__WHAT TO WORK ON__.
All of the data below should be written out again exactly.

__DATA EXCERPTS__.
····················

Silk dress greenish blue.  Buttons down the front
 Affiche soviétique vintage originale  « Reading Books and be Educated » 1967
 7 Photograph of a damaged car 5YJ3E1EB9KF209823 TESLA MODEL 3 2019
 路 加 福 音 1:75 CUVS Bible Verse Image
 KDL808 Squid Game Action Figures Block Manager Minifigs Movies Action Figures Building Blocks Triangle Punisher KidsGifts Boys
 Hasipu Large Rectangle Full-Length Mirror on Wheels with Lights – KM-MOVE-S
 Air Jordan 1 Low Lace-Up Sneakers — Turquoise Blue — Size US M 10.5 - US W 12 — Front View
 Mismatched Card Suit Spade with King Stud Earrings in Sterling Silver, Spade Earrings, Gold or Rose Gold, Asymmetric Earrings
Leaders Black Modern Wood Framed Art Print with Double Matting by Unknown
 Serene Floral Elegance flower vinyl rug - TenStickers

····················

__COMPLETED TASK__.
Silk dress greenish blue.  Buttons down the front
 Affiche soviétique vintage originale  « Reading Books and be Educated » 1967
 7 Photograph of a damaged car 5YJ3E1EB9KF209823 TESLA MODEL 3 2019
 路 加 福 音 1:75 CUVS Bible Verse Image
 KDL808 Squid Game Action Figures Block Manager Minifigs Movies Action Figures Building Blocks Triangle Punisher KidsGifts Boys
 Hasipu Large Rectangle Full-Length Mirror on Wheels with Lights – KM-MOVE-S
 Air Jordan 1 Low Lace-Up Sneakers — Turquoise Blue — Size US M 10.5 - US W 12 — Front View
 Mismatched Card Suit Spade with King Stud Earrings in Sterling Silver, Spade Earrings, Gold or Rose Gold, Asymmetric Earrings
Leaders Black Modern Wood Framed Art Print with Double Matting by Unknown
 Serene Floral Elegance flower vinyl rug - TenStickers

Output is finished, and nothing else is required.